WORK ORDER -> Go through the lines below, tally those that include the word "happy", and give only the tally.

ENTRIES SUPPLIED ->
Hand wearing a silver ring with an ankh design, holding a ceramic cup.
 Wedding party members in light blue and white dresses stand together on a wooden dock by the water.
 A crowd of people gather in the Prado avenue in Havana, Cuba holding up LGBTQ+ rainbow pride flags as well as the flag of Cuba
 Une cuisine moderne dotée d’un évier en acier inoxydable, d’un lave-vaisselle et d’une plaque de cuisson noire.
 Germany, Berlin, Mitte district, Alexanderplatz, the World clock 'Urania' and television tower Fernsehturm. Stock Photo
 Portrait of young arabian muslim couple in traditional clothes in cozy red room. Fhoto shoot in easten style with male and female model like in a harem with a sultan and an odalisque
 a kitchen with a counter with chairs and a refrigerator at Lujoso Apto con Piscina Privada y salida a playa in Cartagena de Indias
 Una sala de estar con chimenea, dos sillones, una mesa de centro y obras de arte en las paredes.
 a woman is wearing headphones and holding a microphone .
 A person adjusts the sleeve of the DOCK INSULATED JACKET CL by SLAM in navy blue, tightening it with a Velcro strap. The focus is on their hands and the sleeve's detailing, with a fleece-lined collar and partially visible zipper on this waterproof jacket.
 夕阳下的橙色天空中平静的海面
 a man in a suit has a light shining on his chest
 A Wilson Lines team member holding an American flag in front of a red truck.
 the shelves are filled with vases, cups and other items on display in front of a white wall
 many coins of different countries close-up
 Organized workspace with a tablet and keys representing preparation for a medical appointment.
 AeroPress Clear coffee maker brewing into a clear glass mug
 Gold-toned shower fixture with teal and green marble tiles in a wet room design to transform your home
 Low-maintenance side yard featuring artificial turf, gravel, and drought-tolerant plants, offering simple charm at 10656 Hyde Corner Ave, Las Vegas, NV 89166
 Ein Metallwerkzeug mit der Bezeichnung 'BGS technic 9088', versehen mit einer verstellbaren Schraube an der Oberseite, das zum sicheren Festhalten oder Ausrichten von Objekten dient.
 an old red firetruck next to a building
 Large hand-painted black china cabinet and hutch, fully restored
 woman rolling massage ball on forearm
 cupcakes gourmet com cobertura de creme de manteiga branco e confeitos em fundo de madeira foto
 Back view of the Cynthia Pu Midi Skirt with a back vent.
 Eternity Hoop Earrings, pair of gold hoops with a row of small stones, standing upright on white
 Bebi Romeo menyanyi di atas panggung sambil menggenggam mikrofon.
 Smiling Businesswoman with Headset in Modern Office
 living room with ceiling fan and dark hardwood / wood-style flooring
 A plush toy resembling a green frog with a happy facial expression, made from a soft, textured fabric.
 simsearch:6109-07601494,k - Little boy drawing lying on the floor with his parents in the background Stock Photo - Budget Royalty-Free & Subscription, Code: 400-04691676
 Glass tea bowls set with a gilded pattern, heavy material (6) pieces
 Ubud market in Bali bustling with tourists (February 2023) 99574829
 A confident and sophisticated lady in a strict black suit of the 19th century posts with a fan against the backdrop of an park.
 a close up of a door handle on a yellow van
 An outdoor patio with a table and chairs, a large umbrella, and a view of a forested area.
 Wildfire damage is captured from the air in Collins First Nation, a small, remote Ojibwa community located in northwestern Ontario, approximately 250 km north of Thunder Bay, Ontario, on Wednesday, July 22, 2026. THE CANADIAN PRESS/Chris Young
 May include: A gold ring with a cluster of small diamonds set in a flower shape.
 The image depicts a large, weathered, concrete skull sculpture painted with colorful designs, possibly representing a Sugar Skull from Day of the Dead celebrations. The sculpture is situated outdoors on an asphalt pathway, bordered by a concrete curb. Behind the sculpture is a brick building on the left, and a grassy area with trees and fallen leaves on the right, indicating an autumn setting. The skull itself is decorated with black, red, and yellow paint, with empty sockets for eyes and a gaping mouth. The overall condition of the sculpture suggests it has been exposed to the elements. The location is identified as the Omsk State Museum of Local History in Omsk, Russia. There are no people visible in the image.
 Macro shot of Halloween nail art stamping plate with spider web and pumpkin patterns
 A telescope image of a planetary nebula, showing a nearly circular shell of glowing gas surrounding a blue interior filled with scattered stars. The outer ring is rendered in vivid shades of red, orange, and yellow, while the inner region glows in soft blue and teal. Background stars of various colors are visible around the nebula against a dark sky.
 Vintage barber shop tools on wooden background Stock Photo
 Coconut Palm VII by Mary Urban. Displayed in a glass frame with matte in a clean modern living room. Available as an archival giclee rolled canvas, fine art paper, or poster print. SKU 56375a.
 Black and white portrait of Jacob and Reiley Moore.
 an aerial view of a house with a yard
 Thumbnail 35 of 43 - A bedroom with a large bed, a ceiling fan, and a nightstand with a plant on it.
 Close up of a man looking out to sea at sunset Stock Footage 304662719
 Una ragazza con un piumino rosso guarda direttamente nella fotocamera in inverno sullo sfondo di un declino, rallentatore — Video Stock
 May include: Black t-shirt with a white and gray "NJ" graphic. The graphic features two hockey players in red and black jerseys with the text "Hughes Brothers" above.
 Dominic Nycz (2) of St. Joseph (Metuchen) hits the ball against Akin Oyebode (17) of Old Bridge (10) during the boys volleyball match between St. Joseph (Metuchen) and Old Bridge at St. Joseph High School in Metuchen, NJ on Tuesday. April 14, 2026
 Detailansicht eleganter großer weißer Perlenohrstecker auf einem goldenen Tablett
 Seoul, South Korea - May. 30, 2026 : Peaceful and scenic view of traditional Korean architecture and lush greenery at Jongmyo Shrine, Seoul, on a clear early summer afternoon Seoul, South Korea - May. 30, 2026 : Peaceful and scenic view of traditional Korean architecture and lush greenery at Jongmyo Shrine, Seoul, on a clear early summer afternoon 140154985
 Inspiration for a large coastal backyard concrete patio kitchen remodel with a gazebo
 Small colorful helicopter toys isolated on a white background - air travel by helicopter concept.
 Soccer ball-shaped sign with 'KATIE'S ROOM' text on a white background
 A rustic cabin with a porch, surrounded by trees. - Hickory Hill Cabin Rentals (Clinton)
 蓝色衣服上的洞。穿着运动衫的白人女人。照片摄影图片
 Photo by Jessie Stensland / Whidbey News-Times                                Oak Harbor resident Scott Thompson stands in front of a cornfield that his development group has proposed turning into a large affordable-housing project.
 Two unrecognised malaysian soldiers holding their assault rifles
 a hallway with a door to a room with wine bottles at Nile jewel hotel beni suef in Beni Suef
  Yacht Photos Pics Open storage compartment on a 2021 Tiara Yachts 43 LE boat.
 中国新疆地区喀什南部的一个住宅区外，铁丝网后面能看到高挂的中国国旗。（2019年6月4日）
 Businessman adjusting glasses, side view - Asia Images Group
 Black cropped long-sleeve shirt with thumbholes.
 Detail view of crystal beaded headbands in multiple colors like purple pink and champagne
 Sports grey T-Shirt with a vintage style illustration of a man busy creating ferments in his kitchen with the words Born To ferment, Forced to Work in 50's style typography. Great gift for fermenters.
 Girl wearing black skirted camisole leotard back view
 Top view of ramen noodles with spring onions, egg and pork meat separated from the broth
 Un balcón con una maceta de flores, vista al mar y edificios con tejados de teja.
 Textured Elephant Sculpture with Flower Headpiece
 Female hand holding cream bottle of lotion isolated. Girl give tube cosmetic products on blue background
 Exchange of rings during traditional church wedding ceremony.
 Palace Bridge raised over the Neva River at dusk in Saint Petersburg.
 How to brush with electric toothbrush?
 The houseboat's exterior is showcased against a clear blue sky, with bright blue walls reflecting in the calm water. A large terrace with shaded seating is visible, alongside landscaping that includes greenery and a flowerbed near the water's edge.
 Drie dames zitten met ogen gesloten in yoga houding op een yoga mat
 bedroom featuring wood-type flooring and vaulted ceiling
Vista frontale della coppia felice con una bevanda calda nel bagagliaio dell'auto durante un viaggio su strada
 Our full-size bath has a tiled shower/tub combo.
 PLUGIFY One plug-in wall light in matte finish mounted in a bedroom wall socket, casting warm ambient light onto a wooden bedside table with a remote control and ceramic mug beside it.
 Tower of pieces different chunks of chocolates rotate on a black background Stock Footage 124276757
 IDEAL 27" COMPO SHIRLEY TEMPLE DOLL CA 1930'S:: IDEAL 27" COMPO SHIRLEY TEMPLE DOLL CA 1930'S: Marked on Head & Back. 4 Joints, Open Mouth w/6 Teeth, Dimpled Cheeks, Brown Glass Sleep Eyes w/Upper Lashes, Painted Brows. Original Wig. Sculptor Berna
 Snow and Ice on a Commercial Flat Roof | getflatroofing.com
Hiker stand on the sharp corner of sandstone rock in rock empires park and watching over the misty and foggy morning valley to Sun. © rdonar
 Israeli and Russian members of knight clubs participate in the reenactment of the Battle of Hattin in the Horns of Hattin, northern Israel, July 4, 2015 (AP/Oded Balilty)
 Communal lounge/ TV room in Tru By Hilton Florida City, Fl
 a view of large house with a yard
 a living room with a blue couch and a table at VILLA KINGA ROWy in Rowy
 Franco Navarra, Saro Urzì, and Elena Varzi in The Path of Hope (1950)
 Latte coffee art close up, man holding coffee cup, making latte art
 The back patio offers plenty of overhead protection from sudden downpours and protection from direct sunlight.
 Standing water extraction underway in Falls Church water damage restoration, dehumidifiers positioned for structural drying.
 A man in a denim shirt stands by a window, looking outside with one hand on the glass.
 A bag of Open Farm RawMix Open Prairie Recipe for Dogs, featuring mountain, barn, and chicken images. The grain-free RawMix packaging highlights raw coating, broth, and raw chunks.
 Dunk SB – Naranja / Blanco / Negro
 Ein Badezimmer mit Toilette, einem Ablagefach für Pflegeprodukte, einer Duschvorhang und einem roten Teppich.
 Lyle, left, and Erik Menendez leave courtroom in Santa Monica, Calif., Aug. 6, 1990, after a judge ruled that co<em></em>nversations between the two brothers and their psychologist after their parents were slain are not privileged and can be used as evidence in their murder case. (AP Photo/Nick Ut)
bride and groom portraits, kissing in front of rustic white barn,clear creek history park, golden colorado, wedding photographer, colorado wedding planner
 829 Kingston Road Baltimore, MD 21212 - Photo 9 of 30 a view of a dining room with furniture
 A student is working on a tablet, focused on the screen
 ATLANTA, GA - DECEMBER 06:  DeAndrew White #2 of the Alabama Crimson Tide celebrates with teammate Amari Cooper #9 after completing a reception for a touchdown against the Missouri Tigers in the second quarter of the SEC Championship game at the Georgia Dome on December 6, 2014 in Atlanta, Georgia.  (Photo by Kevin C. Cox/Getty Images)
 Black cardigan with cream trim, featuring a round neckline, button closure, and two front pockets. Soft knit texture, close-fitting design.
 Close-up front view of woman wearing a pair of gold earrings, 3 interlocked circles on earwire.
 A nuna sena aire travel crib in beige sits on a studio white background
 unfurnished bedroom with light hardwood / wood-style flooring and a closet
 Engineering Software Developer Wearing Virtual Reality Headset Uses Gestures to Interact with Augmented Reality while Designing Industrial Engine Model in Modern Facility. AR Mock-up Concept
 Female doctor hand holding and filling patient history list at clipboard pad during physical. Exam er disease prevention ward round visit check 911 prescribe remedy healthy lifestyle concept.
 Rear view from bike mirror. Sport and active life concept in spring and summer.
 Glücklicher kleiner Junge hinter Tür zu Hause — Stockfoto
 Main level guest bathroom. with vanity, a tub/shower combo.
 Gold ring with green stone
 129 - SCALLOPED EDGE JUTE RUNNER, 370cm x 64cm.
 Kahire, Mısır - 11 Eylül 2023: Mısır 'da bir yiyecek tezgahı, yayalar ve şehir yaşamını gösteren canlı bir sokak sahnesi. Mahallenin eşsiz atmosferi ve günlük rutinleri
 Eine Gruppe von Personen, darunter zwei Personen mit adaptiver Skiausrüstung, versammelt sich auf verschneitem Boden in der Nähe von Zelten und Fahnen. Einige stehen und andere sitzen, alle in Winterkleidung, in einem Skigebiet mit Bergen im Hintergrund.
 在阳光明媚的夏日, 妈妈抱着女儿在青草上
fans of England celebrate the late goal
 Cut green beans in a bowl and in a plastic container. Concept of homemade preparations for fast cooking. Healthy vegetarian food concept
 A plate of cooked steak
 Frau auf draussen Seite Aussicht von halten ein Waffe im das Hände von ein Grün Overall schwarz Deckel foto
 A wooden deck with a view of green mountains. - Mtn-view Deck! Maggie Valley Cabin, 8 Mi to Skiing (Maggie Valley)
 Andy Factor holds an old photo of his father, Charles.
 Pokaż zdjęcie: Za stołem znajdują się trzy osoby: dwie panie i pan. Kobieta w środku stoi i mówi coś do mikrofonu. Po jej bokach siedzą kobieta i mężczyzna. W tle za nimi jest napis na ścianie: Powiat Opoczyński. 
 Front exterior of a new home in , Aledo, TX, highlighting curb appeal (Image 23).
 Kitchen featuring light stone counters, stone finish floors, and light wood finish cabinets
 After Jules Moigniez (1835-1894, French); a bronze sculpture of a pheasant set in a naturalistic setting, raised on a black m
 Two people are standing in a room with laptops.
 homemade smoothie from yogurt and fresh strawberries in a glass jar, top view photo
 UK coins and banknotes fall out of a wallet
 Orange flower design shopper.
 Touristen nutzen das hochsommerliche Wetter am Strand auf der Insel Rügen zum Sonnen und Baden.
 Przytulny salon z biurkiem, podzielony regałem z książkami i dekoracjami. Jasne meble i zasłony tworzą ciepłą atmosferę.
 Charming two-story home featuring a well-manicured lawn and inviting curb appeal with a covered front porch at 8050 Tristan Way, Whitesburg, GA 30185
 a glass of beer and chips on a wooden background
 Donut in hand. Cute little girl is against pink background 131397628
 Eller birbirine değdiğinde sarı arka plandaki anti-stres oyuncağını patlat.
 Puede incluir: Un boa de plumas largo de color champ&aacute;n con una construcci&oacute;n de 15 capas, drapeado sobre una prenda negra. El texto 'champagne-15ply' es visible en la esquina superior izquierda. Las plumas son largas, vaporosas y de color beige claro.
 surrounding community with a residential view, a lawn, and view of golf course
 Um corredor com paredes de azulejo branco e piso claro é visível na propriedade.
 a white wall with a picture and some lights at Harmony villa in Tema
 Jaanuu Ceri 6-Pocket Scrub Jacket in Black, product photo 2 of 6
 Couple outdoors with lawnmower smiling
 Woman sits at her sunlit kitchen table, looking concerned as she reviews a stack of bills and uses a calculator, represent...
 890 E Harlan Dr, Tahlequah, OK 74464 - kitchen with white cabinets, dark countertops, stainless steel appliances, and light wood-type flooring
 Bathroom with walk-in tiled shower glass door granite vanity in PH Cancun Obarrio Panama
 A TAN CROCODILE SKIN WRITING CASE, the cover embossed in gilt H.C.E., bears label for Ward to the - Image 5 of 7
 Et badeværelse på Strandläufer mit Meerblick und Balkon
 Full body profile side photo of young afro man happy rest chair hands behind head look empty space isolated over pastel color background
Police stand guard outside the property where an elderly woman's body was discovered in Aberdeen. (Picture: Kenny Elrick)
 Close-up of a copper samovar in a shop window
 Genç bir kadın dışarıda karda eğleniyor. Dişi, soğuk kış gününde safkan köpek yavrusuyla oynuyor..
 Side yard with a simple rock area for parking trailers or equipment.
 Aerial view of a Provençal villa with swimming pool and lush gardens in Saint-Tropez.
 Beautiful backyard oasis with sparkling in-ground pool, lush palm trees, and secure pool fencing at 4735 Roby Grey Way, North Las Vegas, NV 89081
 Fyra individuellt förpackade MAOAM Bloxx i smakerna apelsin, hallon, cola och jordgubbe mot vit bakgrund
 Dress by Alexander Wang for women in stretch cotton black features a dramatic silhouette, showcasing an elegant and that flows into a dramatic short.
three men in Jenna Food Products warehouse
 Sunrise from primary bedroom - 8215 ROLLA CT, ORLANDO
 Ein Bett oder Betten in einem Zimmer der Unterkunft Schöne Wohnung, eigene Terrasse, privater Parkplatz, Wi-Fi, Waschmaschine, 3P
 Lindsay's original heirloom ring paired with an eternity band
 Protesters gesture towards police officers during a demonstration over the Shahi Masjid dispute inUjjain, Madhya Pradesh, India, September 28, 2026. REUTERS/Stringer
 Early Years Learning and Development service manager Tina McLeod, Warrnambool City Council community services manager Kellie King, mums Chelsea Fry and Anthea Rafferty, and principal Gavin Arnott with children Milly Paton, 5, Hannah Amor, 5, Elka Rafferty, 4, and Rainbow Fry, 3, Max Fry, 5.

COMPLETED TASK -> 2